By Karoline Steavenson

One of the basics of becoming eco-conscious is learning what to do with your trash. We know the recyclables go in the recycling bins, the non-recyclables go in the trash cans, and if you want money for your cans and plastic bottles you can cash those in at a recycling center.

Simple, right? Everyone can throw away their trash.

But for whatever reason some people who visit the beach don’t know where their trash belongs. One blogger has proof of this.

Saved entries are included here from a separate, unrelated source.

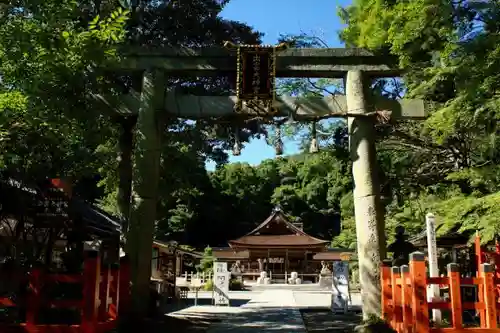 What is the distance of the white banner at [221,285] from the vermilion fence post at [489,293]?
436 inches

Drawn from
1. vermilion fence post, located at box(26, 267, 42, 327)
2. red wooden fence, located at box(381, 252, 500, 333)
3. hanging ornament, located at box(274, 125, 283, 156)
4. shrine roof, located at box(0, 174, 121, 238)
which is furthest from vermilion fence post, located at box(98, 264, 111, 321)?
hanging ornament, located at box(274, 125, 283, 156)

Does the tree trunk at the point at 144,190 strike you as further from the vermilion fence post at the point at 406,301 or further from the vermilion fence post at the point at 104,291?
the vermilion fence post at the point at 406,301

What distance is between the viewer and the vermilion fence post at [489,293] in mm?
6965

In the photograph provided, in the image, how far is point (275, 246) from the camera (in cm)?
3766

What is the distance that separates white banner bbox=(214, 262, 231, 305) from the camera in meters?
17.1

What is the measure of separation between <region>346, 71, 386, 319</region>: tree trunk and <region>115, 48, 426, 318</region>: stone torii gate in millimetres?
21

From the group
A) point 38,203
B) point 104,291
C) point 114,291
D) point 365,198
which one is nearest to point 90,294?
point 104,291

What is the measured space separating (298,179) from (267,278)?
26341 millimetres

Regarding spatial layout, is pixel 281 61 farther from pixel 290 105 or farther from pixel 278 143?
pixel 278 143

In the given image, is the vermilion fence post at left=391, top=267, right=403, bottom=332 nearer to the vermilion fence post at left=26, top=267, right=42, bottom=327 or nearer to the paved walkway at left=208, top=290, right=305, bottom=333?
the paved walkway at left=208, top=290, right=305, bottom=333

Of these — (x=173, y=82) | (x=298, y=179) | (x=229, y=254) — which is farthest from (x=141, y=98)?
(x=298, y=179)

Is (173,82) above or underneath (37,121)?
above

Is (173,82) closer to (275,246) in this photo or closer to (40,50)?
(40,50)

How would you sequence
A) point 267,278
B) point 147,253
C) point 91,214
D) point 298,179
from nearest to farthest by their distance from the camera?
1. point 147,253
2. point 91,214
3. point 267,278
4. point 298,179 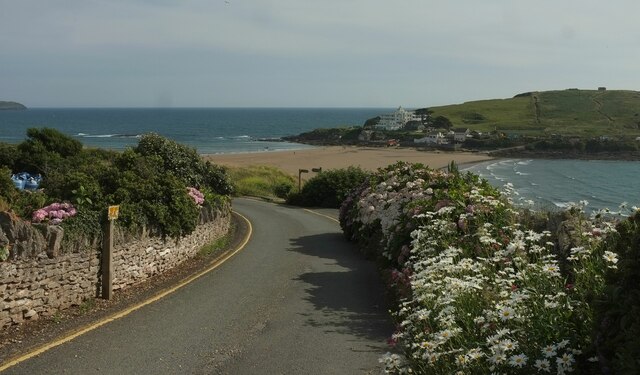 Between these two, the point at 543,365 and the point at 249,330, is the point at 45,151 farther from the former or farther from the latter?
the point at 543,365

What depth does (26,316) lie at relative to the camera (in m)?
10.4

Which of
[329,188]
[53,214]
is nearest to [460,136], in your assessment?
[329,188]

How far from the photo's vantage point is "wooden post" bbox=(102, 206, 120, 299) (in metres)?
12.5

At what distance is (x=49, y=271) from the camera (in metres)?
10.9

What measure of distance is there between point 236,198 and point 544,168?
54.4 meters

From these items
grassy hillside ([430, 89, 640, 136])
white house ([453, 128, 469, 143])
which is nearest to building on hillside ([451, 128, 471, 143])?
white house ([453, 128, 469, 143])

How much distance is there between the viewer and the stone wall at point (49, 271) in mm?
10055

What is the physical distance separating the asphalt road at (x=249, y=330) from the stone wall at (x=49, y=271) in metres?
1.10

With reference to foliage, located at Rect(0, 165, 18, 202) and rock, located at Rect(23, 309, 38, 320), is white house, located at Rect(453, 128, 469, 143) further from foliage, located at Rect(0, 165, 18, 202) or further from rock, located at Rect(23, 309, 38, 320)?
rock, located at Rect(23, 309, 38, 320)

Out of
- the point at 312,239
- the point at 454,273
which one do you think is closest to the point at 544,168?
the point at 312,239

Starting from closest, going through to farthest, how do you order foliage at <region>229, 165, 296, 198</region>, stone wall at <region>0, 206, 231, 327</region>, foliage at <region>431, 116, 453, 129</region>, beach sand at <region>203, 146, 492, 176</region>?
stone wall at <region>0, 206, 231, 327</region>, foliage at <region>229, 165, 296, 198</region>, beach sand at <region>203, 146, 492, 176</region>, foliage at <region>431, 116, 453, 129</region>

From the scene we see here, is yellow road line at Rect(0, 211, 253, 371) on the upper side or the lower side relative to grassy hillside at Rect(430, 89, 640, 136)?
lower

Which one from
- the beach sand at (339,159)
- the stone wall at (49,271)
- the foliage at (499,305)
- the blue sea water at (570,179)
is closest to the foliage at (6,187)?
the stone wall at (49,271)

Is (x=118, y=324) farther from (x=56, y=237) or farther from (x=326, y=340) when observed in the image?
(x=326, y=340) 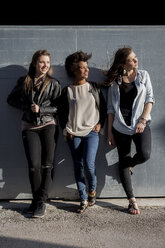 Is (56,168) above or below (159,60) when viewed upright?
below

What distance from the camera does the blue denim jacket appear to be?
11.3 ft

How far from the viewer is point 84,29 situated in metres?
3.76

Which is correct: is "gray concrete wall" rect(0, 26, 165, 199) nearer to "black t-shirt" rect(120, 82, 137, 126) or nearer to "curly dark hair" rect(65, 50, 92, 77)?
"curly dark hair" rect(65, 50, 92, 77)

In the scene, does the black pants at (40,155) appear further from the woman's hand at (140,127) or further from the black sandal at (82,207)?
the woman's hand at (140,127)

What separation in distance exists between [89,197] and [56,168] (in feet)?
1.83

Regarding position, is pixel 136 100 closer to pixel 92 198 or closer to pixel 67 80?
pixel 67 80

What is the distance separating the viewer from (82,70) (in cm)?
348

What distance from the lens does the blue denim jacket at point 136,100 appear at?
11.3 feet

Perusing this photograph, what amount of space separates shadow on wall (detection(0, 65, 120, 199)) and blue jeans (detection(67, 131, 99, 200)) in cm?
32

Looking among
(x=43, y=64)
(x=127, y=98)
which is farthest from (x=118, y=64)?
(x=43, y=64)

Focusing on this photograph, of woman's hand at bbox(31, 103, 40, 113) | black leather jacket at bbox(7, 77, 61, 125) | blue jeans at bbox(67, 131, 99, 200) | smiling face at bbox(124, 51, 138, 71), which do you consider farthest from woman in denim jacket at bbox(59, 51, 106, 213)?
smiling face at bbox(124, 51, 138, 71)

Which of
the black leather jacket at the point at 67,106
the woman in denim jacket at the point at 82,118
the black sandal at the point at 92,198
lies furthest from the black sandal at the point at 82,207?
the black leather jacket at the point at 67,106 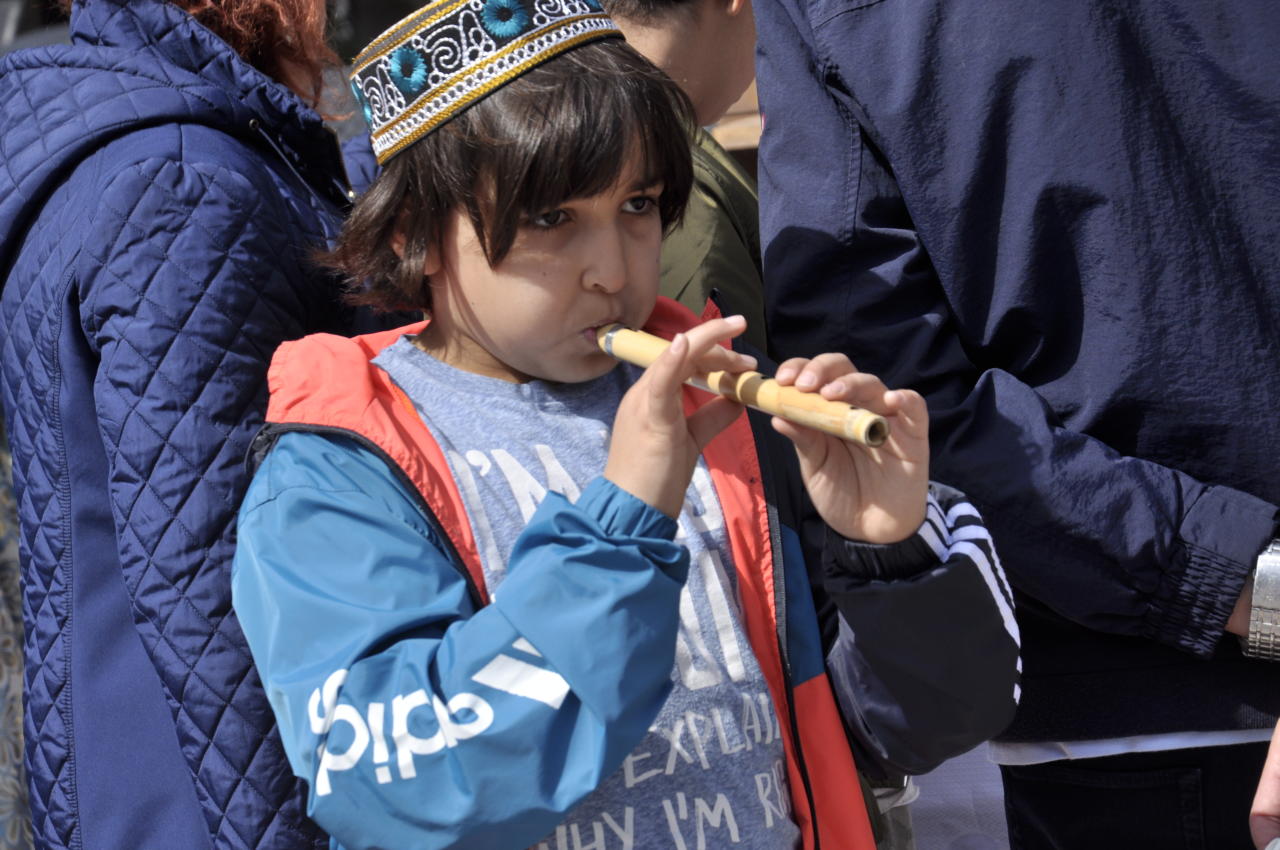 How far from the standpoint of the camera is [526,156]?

Tony Barboza of the Los Angeles Times reported on this issue recently when he wrote a story about Sara Bayles, a one woman eco-warrior, writer and ceramics teacher.  Bayles gave herself the task of collecting trash on a regular basis at Santa Monica beach, weighing it, photographing it, and writing about it on her blog, The Daily Ocean.

So far she has collected over 639 pounds of trash in only 158 days. That’s just one person, working alone, for about 20 minutes a day.

In one blog posting Bayles wrote that once, while she was cleaning, she watched a sea gull swallow a cigarette lighter before she could grab it.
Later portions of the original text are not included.